She was known, too, as an exceptional twister. This became widely visible at the 1988 Olympics, in the floor routine that won her a silver medal and helped the USSR earn a team gold: Her first tumbling pass was a simple full-in-back-out—two tucked backflips in the air with a twist in the first one. Her second pass was a two-part sequence in which a laid-out front flip with one and a half twists led into a double-twisting layout—a laid-out backflip with two full twists. A grand total of four and a half twists. When she drove these moves home, it was viscerally gratifying to hear the slam of her feet on the floor. Flight, so many spins in the air that a novice viewer couldn’t keep track, then bam! Glue.

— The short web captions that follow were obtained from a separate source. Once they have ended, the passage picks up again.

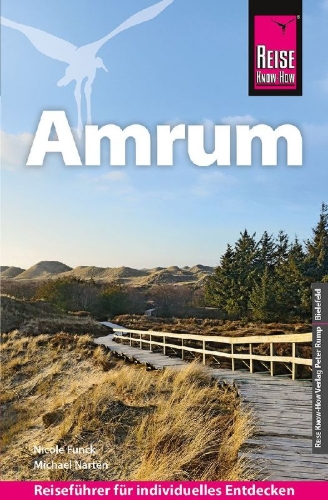 Buchcover und Innenansicht für das Buch: Reise Know-How Reiseführer Amrum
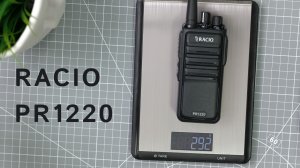 Радиостанция Racio PR1220. Краткий обзор от Вива-Телеком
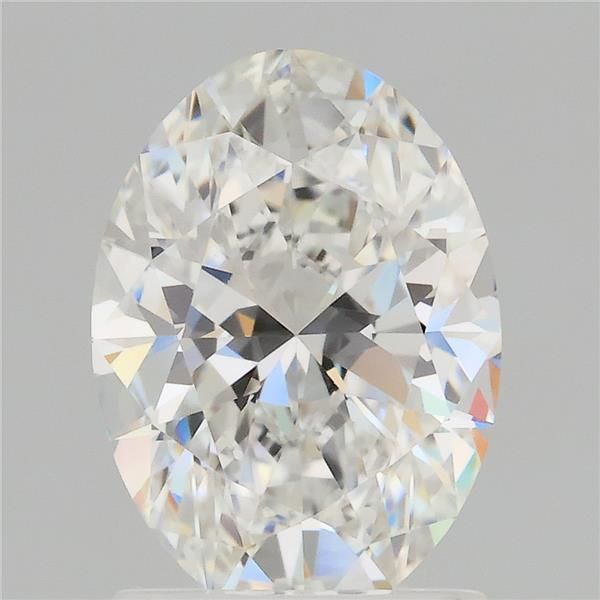 1.50 ct. oval Lab Grown Diamond front image
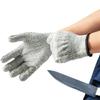 Высокопрочные полиэтиленовые кухонные защитные перчатки Уровень 5 порезкостойкие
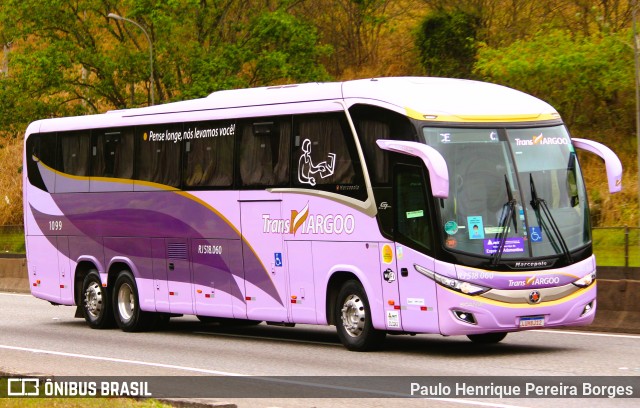 TransMargoo 1099 na cidade de Piraí, Rio de Janeiro, Brasil, por Paulo Henrique Pereira Borges. Número da foto: #10674842.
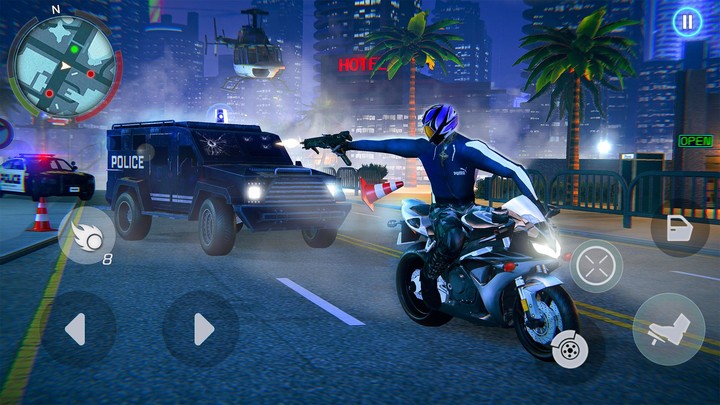 Police Chase Cop Car Simulator Ảnh chụp màn hình trò chơi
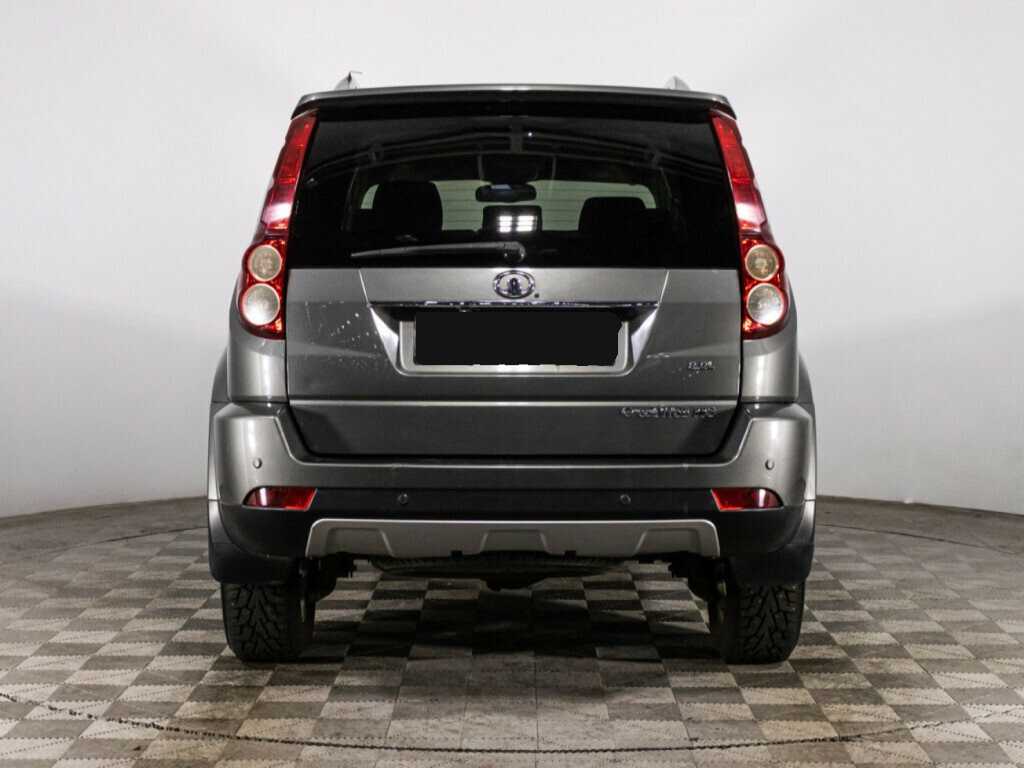 Great Wall Hover H3 б/у, 2014, Механическая. Фото: #5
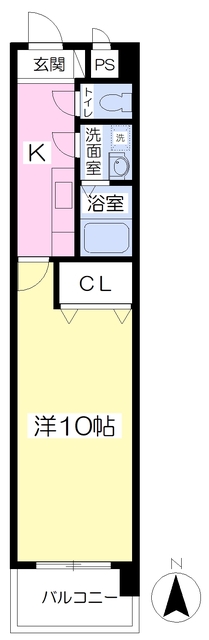 アービア永木の間取り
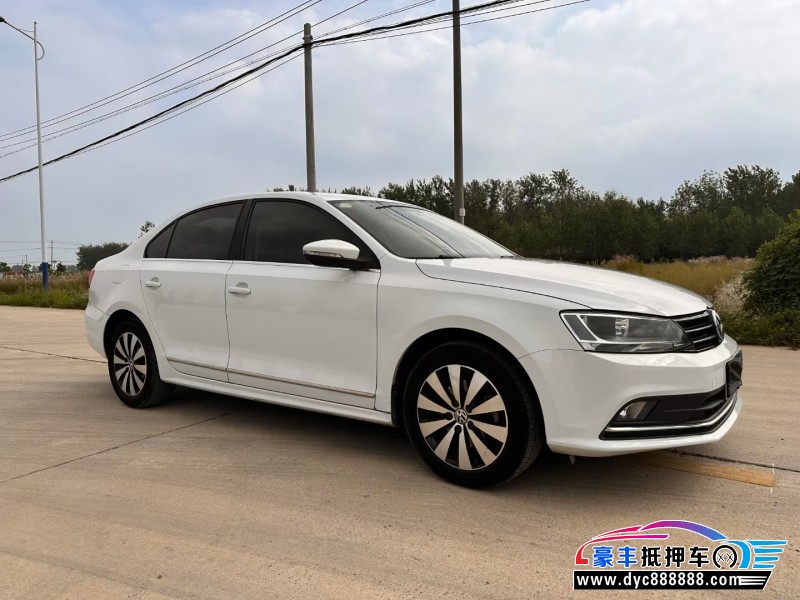 18年大众速腾轿车抵押车出售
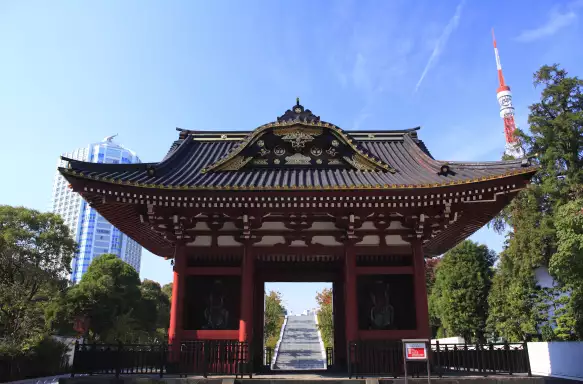 Tak Mausoleum Sohmon in Japan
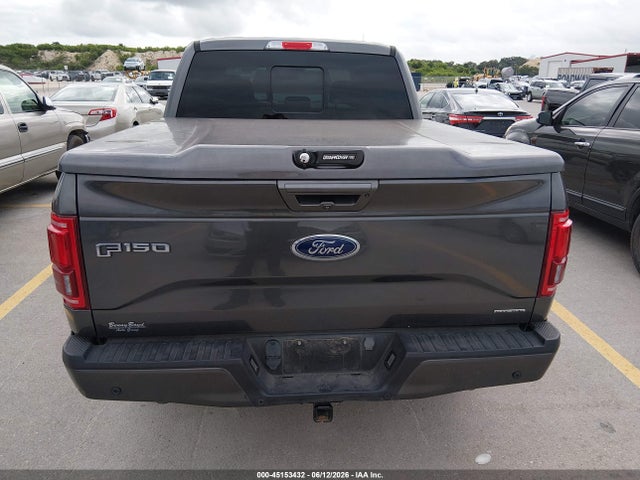 Продажа на аукционе авто 2015 Ford F-150 Lariat, vin: 1FTEW1CF8FFB33282, номер лота: 45153432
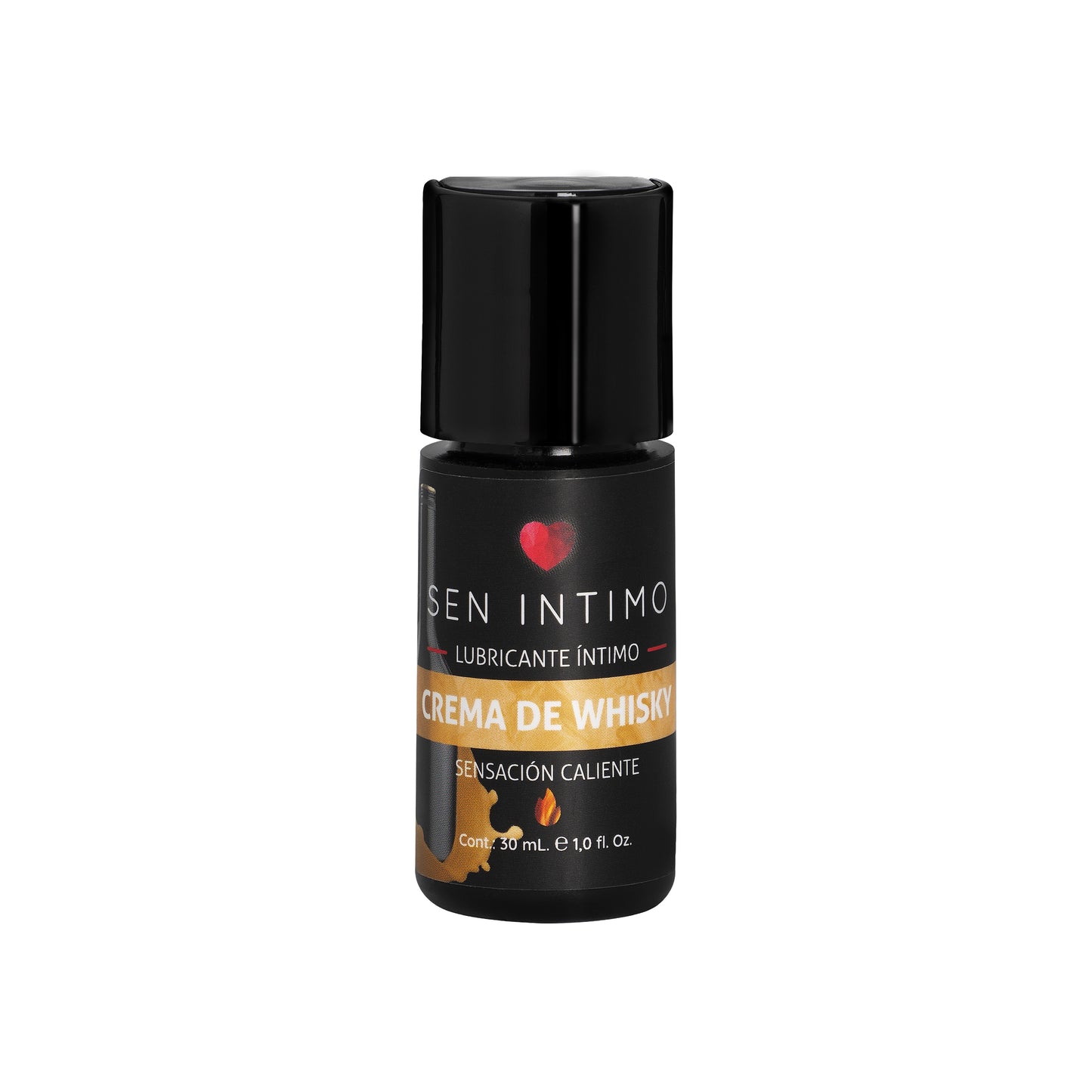 Hot Lubricant Whiskey Cream X 30 Ml Sen Intimo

The landings. The full length of Svetlana’s body furled when she landed, almost like she was taking a bow. She bent much more deeply than most gymnasts do, particularly when vaulting or dismounting. Then, after that hammer-like motion nailed her feet to the floor, she arose from that low posture as if her spine were being unrolled by a dowel—one vertebra at a time. It was a subtle but remarkable habit that lingered in a viewer’s mind. Certainty, then a measure of grace.
Even in the earliest footage of Svetlana in competition—at the 1985 Junior Cup, when she was only twelve years old and not yet at her full adult height—she w
as already displaying the trademarks of her gymnastics style. She went on to win two team championships at the Olympics, in 1988 and 1992. All told, she took home five Olympic medals, three of them gold. In her eleven years competing at the international level, she also won a World Championship all-around title, collected various wins at World Cups and European Championships, and twice earned a perfect ten in the floor exercise. But she was distinct among champions—famous less for winning than for winning in a particular way. Exactly what way, however, is harder to articulate.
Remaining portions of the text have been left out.